To turn a Kubernetes service into a headless service, we should simply add to our service definition:
apiVersion: v1
kind: Service
metadata:
name: server
namespace: default
labels:
app.kubernetes.io/name: server
spec:
clusterIP: None
ports:
- name: grpc
port: 9090
targetPort: 9090
selector:
app.kubernetes.io/name: server
Client side load-balancing
Now that our service is headless, we can set the client’s load-balancing policy to make request in a round-robin fashion:
15func main() {
16 target := os.Getenv("TARGET")
17 if target == "" {
18 panic("no target")
19 }
20 conn, err := grpc.NewClient(
21 target,
22 grpc.WithTransportCredentials(insecure.NewCredentials()),
23 grpc.WithDefaultServiceConfig(`{"loadBalancingPolicy":"round_robin"}`),
24 )
25
26 //... rest of the code
If we run this version of the client against a headless service:
kubectl logs job/client | sort | uniq -c
871 7b4fcf65-2c93-4c5c-8433-5950c91553a9
1258 afaeeea0-87c3-4473-b8ad-1c5b61407b57
871 ca66dd65-c6df-44c4-bb3e-60c00f8776b5
Great! All 3000 messages were sent across all pods. The spread is not quite even. One pod received about 42% of messages, and the others about 29%. The reason is that our client sent all of its messages concurrently. If we send the messages synchronously:
k logs job/client | sort | uniq -c
999 7b4fcf65-2c93-4c5c-8433-5950c91553a9
1000 afaeeea0-87c3-4473-b8ad-1c5b61407b57
1001 ca66dd65-c6df-44c4-bb3e-60c00f8776b5
The client has almost successfully cycled around all three servers with a nearly 100% even spread.
Discovery
We’re not done yet. Our client doesn’t have a mechanism for knowing about new pods
during its runtime. When calling NewClient
with the load-balancing settings,
our client retrieves the list of available IPs and will never try to fetch it again by default.

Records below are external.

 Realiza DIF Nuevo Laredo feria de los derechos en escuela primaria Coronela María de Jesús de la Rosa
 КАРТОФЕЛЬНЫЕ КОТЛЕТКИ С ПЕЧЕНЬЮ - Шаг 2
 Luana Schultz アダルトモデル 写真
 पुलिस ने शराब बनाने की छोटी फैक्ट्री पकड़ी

To illustrate this point, I throttled the client by adding 50 milliseconds to each iteration, giving me 2.5 minutes to play with the number of replicas during the client’s runtime.
31 ch := make(chan string)
32 for i := 0; i < n; i++ {
33 go func() {
34 res, _ := c.Get(context.Background(), &internal.Req{})
35 ch <- res.GetId()
36 }()
37 time.Sleep(time.Millisecond * 50)
38 }
39 // ... rest of the code
I removed one replica during runtime and gradually added up to 5 replicas. Let’s see the results:
k logs job/client | sort | uniq -c
1
1112 afaeeea0-87c3-4473-b8ad-1c5b61407b57
1887 b48de8b8-6a88-472f-8043-f2e72d22175f
Interestingly, we’ve lost one pod forever after the first change (removing one replica). In fact, it (coincidentally) failed to make its first request, and our client’s load balancer discarded it for good. Notice that our client wasn’t aware that I’d added more replicas (up to 5) during its runtime.

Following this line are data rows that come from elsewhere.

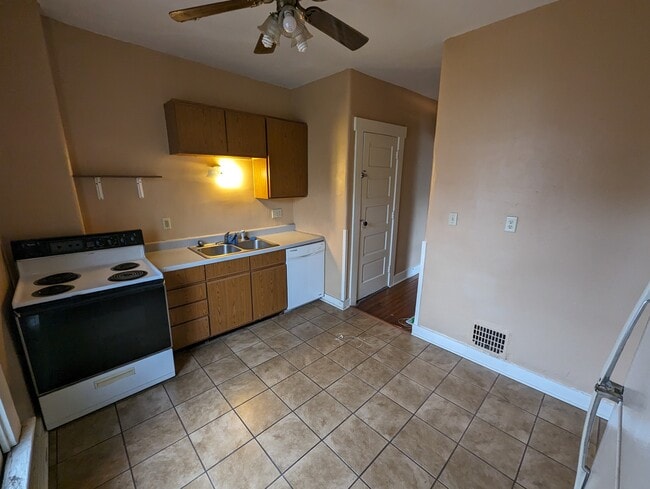 Building Photo - 341 Park Dr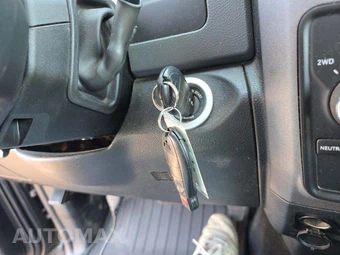 2014 Ram 1500 Express Crew Cab Short Bed - miniatura 8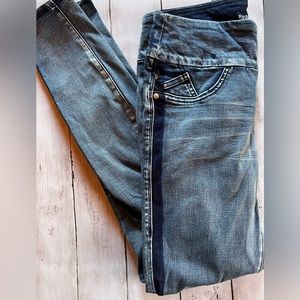 Rock and Republic pull on jeans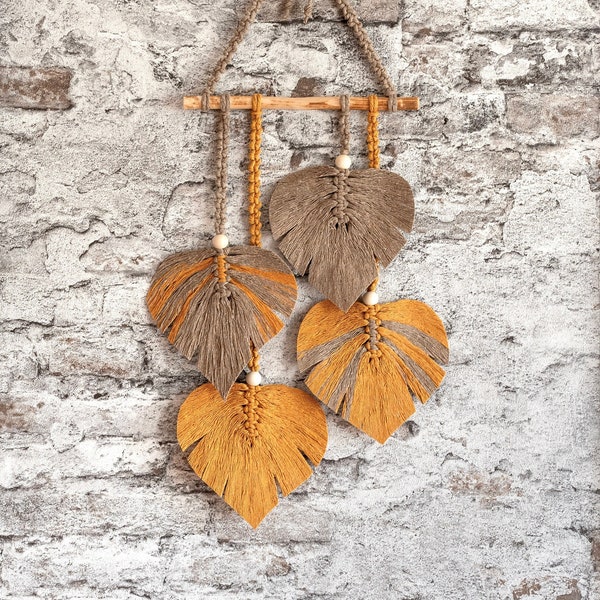 Makramee Blätter als kleiner Wandbehang mit Holzperlen, Wohnaccessoires, Geschenkidee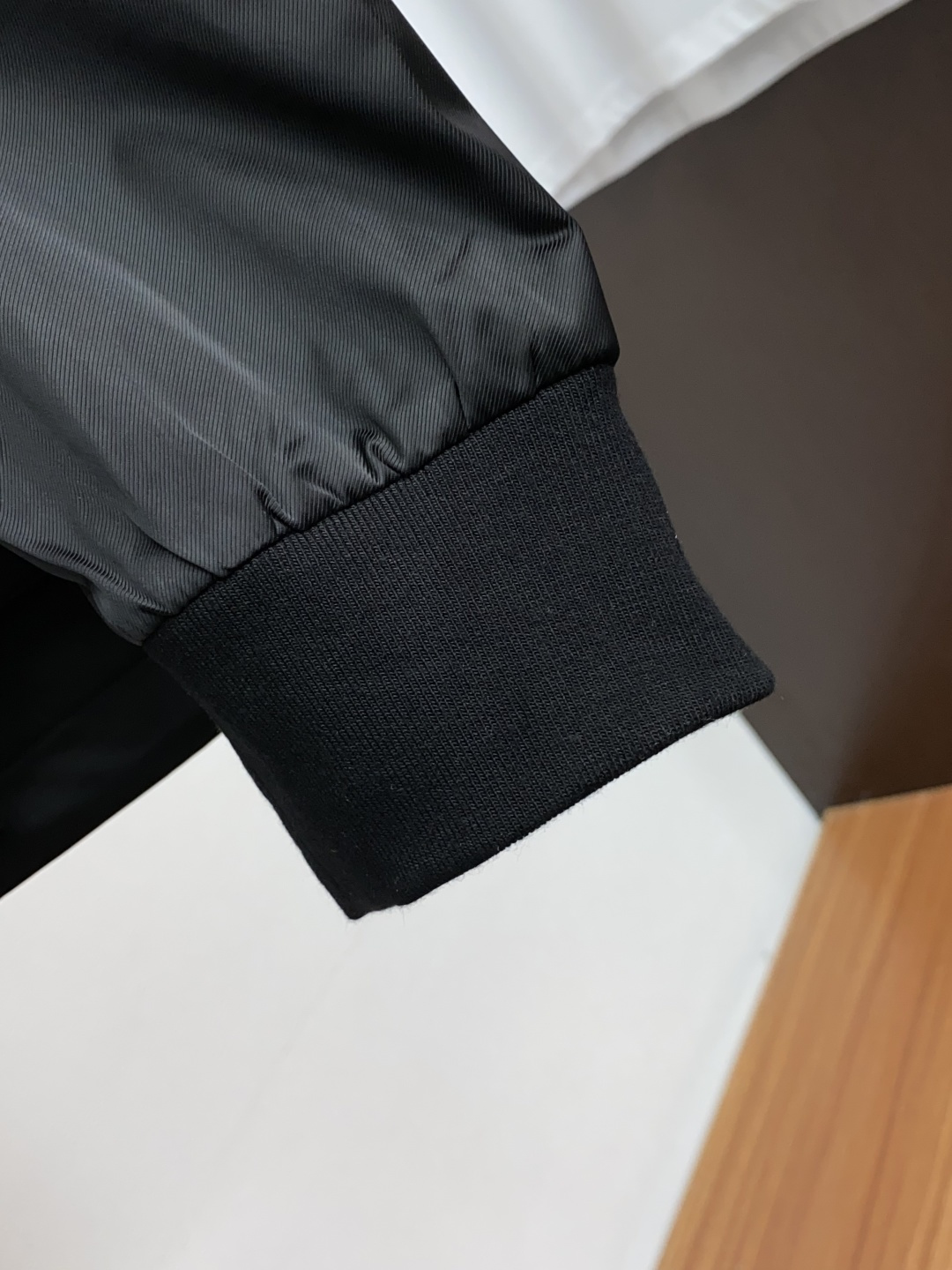  普拉达 25ss最新品 夹克连帽外套，设计帅气有型！百搭必备单品，时尚潮牌， 轻松营造酷帅氛围感 ，高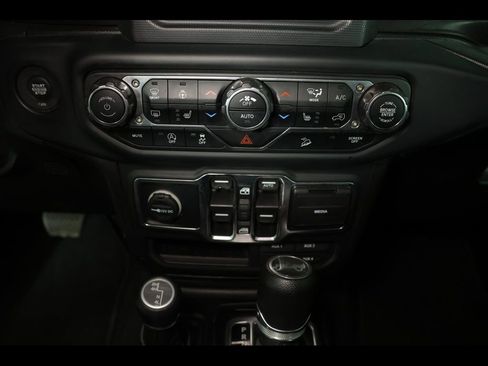 Used 2019 Jeep Wrangler Unlimited Sport AWD/4WD image 21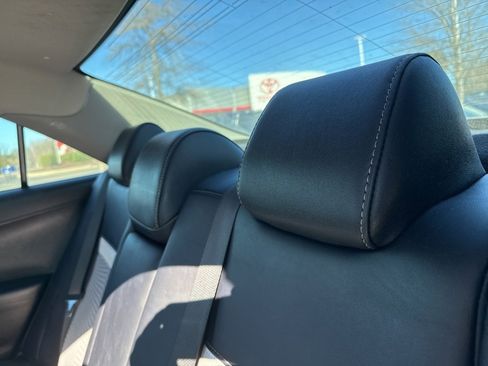 Used 2013 Toyota Camry SE image 9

To solve this, we need a DNS
resolver that allows the client to periodically fetch new IPs.
The google.golang.org/grpc
module conveniently has a built-in DNS
resolver.
By using its resolver
package, we can globally register a DNS
resolver as follows:
17func init() {
18 resolver.Register(resolver.Get("dns"))
19}
20
21func main() {
22 target := os.Getenv("TARGET")
23 if target == "" {
24 panic("no target")
25 }
26 conn, err := grpc.NewClient(
27 fmt.Sprintf("dns:///%s", target),
28 grpc.WithTransportCredentials(insecure.NewCredentials()),
29 grpc.WithDefaultServiceConfig(`{"loadBalancingPolicy":"round_robin"}`),
30 )
31 // ... rest of the code
On this attempt, I started with three replicas, then dropped one, added one, and finally dropped one. Let’s look at the results:
k logs job/client | sort | uniq -c
512 74025783-3545-4d2c-b1c9-1b20b5042b31
1169 b48de8b8-6a88-472f-8043-f2e72d22175f
1169 ca66dd65-c6df-44c4-bb3e-60c00f8776b5
150 f17c9530-1970-4b53-a86b-5b66ce0e575e
Not a single miss. The last one, with the 150 messages, is probably the first pod dropped since I dropped it closer to the start of the client’s job. Then, I’ve added one, perhaps the pod with the 512 messages. After I removed one replica again, I was left with two pods, running until the job was finished, explaining the two pods with identical 1169 messages.
By understanding the benefits of headless services in Kubernetes and combining client-side load-balancing
with a DNS
resolver, we’ve managed to make a gRPC
client in Go that knows how to spread its messages
in a round-robin manner while being aware of new available servers during runtime.